## Exercise goal:
Reproduce, character for character, the entries from their opening line through the line with "2023 Triumph TRIDENT 660 BLACK".

## Records for this exercise:
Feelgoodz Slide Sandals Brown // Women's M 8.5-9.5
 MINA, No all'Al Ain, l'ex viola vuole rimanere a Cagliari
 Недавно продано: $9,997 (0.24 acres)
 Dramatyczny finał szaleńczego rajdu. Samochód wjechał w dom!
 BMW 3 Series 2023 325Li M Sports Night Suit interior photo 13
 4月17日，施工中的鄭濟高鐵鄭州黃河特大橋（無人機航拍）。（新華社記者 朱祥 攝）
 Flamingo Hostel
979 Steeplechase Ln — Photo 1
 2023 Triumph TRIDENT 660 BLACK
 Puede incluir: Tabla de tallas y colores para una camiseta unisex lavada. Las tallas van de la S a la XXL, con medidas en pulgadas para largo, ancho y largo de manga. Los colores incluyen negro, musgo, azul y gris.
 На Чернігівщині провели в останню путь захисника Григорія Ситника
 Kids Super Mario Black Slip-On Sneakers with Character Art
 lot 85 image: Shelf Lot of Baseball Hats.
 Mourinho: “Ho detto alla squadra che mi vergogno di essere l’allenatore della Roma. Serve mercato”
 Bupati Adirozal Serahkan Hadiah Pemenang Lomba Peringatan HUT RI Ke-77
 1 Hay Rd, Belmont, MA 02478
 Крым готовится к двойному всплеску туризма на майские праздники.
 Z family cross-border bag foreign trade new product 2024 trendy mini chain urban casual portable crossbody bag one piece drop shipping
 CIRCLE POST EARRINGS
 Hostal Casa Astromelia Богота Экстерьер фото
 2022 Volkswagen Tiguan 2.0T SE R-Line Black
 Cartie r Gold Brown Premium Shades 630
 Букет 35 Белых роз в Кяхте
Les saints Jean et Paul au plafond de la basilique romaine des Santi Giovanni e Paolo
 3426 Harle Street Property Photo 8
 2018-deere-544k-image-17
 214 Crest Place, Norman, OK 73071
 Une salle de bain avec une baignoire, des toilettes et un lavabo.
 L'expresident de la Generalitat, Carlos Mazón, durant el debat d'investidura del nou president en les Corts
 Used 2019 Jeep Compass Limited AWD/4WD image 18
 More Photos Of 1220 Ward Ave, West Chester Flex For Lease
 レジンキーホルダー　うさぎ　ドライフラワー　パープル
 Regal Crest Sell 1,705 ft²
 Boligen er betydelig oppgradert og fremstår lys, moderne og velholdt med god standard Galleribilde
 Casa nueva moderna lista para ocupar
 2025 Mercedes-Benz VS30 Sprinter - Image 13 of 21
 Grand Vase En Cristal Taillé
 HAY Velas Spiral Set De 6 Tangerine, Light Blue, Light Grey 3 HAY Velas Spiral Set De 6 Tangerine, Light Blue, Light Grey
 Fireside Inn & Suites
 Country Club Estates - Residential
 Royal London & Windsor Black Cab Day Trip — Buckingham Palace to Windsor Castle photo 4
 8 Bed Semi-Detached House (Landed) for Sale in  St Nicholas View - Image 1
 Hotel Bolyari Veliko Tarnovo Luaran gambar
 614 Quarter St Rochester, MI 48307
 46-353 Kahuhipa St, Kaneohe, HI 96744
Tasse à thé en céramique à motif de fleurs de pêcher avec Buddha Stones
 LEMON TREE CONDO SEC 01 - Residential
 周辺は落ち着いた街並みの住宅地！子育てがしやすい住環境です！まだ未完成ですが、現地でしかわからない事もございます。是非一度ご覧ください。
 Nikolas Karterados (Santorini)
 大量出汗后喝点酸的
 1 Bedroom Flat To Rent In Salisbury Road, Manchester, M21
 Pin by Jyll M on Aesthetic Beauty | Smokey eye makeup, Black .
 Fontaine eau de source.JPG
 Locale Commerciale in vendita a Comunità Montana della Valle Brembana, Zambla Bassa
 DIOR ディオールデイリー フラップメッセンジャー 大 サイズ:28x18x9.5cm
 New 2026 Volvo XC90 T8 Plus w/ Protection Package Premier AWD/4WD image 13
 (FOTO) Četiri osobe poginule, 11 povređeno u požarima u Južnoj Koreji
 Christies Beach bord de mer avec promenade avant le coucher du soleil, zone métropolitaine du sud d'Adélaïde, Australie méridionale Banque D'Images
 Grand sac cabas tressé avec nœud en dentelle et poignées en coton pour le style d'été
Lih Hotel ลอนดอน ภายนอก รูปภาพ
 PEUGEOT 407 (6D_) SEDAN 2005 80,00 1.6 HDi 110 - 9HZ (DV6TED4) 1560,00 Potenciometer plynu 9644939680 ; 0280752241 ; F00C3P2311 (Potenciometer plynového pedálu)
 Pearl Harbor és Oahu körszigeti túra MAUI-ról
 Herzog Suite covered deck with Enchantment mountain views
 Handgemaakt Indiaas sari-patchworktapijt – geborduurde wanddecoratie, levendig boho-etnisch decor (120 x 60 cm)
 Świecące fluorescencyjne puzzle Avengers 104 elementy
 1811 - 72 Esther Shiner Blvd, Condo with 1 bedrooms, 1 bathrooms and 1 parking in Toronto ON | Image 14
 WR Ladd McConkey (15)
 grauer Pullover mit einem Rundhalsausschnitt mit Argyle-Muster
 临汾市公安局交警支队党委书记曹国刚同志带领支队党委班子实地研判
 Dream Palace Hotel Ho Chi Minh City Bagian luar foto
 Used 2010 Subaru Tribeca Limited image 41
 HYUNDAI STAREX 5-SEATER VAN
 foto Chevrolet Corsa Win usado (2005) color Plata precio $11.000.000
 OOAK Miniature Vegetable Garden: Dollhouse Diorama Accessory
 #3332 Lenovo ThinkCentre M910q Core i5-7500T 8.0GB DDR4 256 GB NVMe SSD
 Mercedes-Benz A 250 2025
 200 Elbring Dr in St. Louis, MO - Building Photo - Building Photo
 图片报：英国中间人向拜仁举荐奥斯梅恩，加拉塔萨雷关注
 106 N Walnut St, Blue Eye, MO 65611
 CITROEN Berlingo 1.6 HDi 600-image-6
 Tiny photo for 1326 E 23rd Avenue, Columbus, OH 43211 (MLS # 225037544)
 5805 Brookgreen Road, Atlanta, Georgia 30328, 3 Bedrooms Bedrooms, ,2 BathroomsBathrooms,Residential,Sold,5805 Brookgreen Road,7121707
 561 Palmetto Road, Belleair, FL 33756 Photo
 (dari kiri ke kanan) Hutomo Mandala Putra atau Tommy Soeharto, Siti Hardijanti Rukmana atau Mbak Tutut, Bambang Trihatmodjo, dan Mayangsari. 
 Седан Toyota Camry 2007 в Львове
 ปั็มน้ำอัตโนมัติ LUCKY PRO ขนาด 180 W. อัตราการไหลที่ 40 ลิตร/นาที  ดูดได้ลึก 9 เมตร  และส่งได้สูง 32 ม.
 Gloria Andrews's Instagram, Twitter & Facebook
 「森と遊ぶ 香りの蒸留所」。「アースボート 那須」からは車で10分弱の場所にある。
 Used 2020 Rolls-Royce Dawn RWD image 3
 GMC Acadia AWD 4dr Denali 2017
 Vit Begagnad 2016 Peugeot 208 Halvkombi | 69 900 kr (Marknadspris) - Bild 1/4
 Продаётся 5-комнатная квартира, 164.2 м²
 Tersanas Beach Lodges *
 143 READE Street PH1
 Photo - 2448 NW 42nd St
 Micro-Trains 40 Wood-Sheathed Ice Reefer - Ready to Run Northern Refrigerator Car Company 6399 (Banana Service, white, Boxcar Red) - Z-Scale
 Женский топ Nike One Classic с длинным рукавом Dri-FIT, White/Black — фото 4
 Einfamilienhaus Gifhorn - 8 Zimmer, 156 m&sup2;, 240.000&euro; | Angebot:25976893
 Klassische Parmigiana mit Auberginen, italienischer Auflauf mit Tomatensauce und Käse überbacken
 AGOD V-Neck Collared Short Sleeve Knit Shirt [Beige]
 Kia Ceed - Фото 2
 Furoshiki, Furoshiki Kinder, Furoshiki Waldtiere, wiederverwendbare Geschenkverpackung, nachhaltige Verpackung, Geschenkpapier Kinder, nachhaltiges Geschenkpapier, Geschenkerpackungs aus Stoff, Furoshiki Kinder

## Response below:
Feelgoodz Slide Sandals Brown // Women's M 8.5-9.5
 MINA, No all'Al Ain, l'ex viola vuole rimanere a Cagliari
 Недавно продано: $9,997 (0.24 acres)
 Dramatyczny finał szaleńczego rajdu. Samochód wjechał w dom!
 BMW 3 Series 2023 325Li M Sports Night Suit interior photo 13
 4月17日，施工中的鄭濟高鐵鄭州黃河特大橋（無人機航拍）。（新華社記者 朱祥 攝）
 Flamingo Hostel
979 Steeplechase Ln — Photo 1
 2023 Triumph TRIDENT 660 BLACK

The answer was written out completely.